TASK BRIEF: Each line that includes the word "Before" should be copied from the records.

MATERIAL PROVIDED:
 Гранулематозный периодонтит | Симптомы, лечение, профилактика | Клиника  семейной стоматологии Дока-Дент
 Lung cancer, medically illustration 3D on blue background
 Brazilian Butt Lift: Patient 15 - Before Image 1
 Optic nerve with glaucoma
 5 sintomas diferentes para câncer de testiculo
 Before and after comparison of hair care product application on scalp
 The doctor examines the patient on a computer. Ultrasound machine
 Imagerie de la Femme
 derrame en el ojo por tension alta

RESPONSE BOX:
 Brazilian Butt Lift: Patient 15 - Before Image 1
 Before and after comparison of hair care product application on scalp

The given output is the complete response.